Pilates: It’s a Good Thing!
This summer I got the Pilates bug. In the past, I occasionally participated in mat Pilates classes and even used the specialized machines called reformers. But this summer I consistently took semi-private classes with Charissa Hines at the Forever Fit Foundation (newly relocated to Midway Fitness Center) and I am now addicted for life.
As a fitness professional I am always encouraging my clients to cross train. As we age, it’s especially important to choose activities that are kind to the body while focusing on functional strength.
Pilates is a unique system of stretching and strengthening exercises. It tones and strengthens muscles, improves balance and posture, and creates a tighter, taller body. “The Art of Contrology”—or muscle control—was created by Joseph Pilates over 100 years ago. Plagued by rickets and asthma as a child in Germany, he developed this system to strengthen his frail body. He began with a series of mat exercises so beautifully demonstrated in the book The Pilates Body, by Brooke Siler.
Siler points out that in order to maximize your Pilates experience, participants must understand the elements that are in play. All Pilates exercises initiate from the muscles of the abdomen, lower back, hips, and buttocks. The band of muscles that circle the body just under your beltline is termed the “powerhouse.”

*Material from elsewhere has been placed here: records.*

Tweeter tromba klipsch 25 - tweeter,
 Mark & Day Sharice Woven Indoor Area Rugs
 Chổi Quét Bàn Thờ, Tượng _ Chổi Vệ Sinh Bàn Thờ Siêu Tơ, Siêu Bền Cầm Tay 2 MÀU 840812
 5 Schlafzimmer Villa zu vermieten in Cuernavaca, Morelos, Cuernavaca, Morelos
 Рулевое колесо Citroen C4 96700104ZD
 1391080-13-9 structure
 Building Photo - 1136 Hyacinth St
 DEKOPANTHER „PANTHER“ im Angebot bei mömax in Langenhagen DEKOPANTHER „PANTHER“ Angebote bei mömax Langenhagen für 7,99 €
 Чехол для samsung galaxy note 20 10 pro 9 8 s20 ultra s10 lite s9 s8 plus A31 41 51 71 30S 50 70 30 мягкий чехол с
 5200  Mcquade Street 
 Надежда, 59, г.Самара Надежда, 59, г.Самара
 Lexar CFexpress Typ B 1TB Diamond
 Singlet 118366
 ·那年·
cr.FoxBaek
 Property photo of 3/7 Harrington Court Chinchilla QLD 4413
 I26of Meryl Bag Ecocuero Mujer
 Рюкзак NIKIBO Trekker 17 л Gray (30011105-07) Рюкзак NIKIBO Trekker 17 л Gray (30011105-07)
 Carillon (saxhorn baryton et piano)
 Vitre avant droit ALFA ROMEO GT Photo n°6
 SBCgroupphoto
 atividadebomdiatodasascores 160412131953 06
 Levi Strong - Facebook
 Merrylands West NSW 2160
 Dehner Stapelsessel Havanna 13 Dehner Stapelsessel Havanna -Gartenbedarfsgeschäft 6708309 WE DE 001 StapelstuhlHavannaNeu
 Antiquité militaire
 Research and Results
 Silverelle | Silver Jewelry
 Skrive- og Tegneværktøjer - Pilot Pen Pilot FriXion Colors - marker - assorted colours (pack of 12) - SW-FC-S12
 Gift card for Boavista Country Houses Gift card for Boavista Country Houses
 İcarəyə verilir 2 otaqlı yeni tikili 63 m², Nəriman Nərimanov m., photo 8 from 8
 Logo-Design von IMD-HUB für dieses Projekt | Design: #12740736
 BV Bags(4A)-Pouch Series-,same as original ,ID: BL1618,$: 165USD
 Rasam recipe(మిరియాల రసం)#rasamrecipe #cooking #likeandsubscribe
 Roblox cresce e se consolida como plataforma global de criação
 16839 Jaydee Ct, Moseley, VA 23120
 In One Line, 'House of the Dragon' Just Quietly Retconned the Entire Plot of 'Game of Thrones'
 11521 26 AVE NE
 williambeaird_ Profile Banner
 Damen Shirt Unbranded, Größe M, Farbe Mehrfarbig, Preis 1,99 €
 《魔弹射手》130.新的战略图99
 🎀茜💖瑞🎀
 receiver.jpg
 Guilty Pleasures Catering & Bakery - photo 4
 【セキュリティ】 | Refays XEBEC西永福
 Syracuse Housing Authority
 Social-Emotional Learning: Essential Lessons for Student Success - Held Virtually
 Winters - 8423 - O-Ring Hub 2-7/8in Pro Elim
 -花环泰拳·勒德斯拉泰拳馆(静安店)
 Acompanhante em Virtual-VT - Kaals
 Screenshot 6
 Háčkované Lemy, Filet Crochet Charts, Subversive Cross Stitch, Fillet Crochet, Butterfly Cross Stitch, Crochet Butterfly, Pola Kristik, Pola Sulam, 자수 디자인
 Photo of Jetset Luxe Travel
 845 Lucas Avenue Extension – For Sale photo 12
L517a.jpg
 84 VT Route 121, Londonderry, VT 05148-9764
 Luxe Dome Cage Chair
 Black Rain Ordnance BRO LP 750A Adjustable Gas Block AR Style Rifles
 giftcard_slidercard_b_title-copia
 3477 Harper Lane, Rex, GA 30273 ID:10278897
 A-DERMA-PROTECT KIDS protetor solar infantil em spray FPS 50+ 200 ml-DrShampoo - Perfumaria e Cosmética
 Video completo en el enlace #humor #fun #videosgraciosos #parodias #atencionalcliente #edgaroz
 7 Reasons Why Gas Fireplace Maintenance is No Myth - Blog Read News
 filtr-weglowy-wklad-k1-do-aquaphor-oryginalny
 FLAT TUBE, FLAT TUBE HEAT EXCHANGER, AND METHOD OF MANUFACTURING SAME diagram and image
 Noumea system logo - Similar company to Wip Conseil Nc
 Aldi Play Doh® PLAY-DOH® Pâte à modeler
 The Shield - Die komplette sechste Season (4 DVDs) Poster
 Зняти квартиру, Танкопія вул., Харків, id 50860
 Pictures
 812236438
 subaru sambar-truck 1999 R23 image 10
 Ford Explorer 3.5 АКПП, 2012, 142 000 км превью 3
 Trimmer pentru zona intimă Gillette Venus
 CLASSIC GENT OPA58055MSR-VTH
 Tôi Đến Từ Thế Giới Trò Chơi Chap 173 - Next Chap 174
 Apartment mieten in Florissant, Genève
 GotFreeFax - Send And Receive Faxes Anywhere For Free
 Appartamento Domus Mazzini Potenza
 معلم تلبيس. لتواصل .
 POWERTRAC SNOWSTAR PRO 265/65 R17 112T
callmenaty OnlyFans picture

When Joseph Pilates was an orderly in a hospital he began working with non-ambulatory patients. He attached springs to hospital beds to support the patients’ ailing limbs while he worked with them. The doctors noticed that the patients were improving faster. These spring-based exercises became the basis for the reformer apparatus that is used in Pilates studios.
I’ve been working in gyms since the early 80s and have used every exercise machine you can imagine. What I love about the Pilates reformer and mat work is that they teach you to focus on your form, balance, and inner strength.
Joseph Pilates believed that in order to achieve happiness it is imperative to gain mastery of your body. If at age 30 you are stiff and out of shape, then you are “old.” If at 60 you are supple and strong, then you are “young.” This is my goal as a trainer: to keep my clients “young” in body, mind, and spirit.
Listen to your body and use your best judgement when performing any exercise. No exercise in the Pilates method or in any other area of fitness should ever cause pain. There is a difference between pain and the feeling of working a muscle intensely. If you ever find an exercise putting an uncomfortable strain on an area of your body, stop, adjust your form, and continue. You might need to lower your weight or resistance and/or modify your position. ▼
Jon Adler Kaplan is a health coach and fitness trainer both virtually and at Rise Fitness and Adventure. Email Jon with any fitness questions: email@example.com.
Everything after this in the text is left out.